In an effort to get my birds to eat more veggies, I have started mixing in their seed diet with pureed baby food. So far, I think mixed veggies is a hit. Next stop: sweet potatoes.

Anonymous asked:

I just wanted to ask. Why are you breeding your birds when there are already so many in shelters in need of homes? When you give away or sell your babies that takes away potential homes for shelter birds. It's just like home breeding dogs or cats.

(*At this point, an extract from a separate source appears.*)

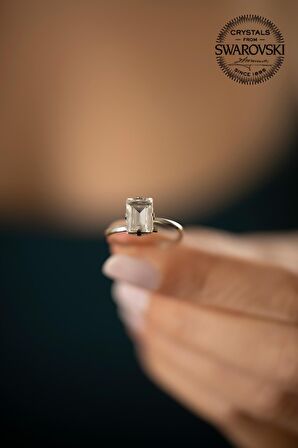 Swarovski Taşlı Baget Model Gümüş Crystal Yüzük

I am not intentionally trying to breed my birds- it’s just nature’s call, I suppose. I am doing my best to discourage their mating behaviors, but there’s only so much I can do before stressing them out too much, especially now that school has started back up. I can only discourage what I can and be prepared for all possible outcomes.

-Angie

Edit: As far as birds in shelters, etc. go: Though I agree with you, I come from an area where birds are far and few between. To adopt a bird from a shelter, one would have to drive several hours to even find one, let alone find one that is compatible for you. The only cockatiels in my area that one would be able to find is in our PetSmart in the neighboring city, and I would rather someone received a bird from me, who is knowledgeable in bird care and always learning more about their care, rather than from a pet mill where birds are treated like merchandise, not pets.

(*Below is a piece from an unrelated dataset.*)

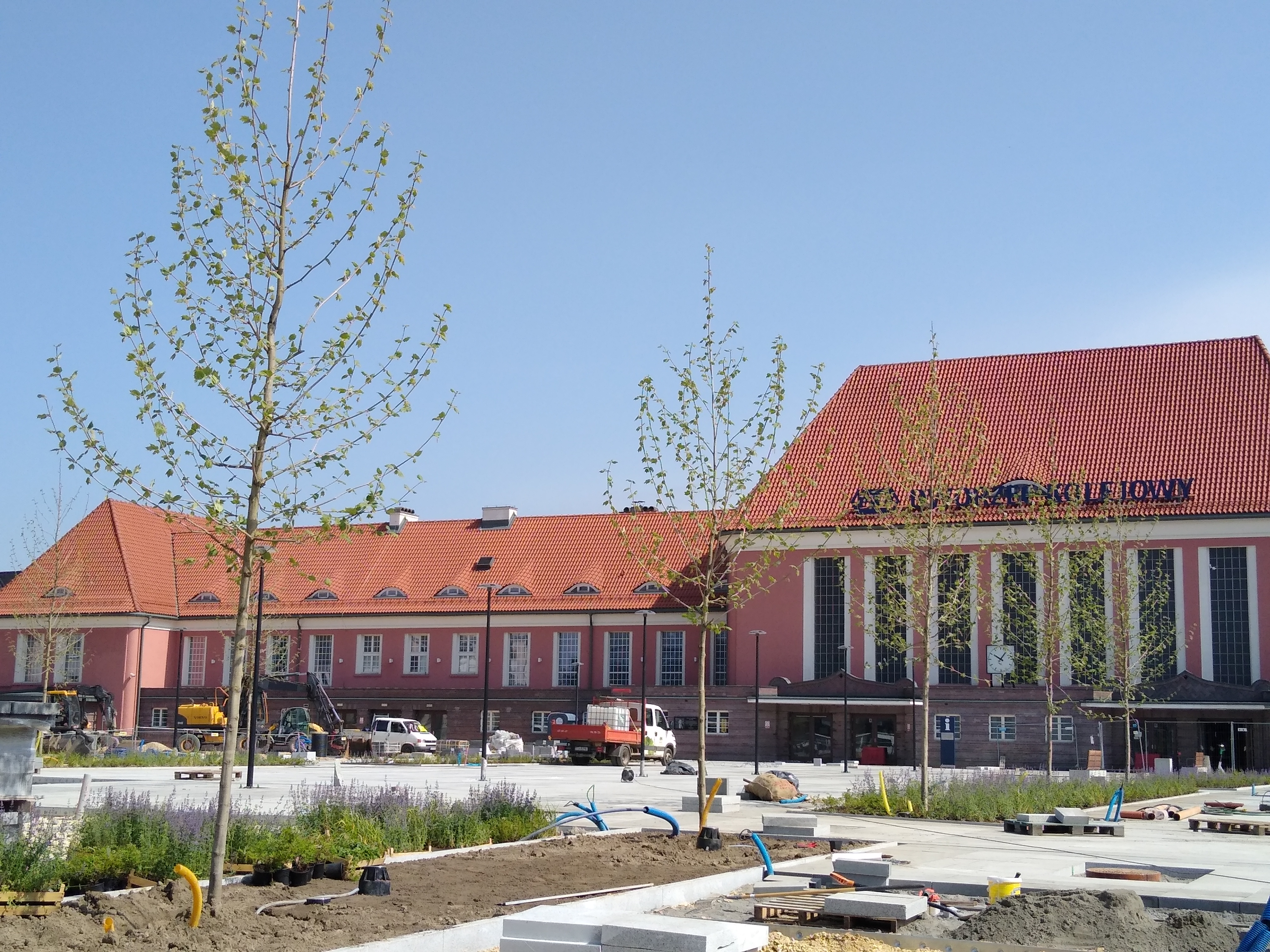 fot. M. Foltyn / UM w Gliwicach rabaty tworzone przed dworcem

If the case became that my tiels did end up hatching eggs, I have comfort in knowing that I will educate my buyers in at least their most basic care and to provide them with free wing and nail clippings (if they cannot afford freelance vet visits), for I want to know that each of my birds is safe and healthy.

Mating Pair?

Puff and Peeko have been -doing the deed,- and as of late, Puff has been chasing and attacking Ellie out of their cage. Male protecting ‘the nest’ (there is no actual nest) perhaps, or maybe Ellie is actually male and Puff is being territorial? Anyone have cockatiel mating pairs with this sort of experience?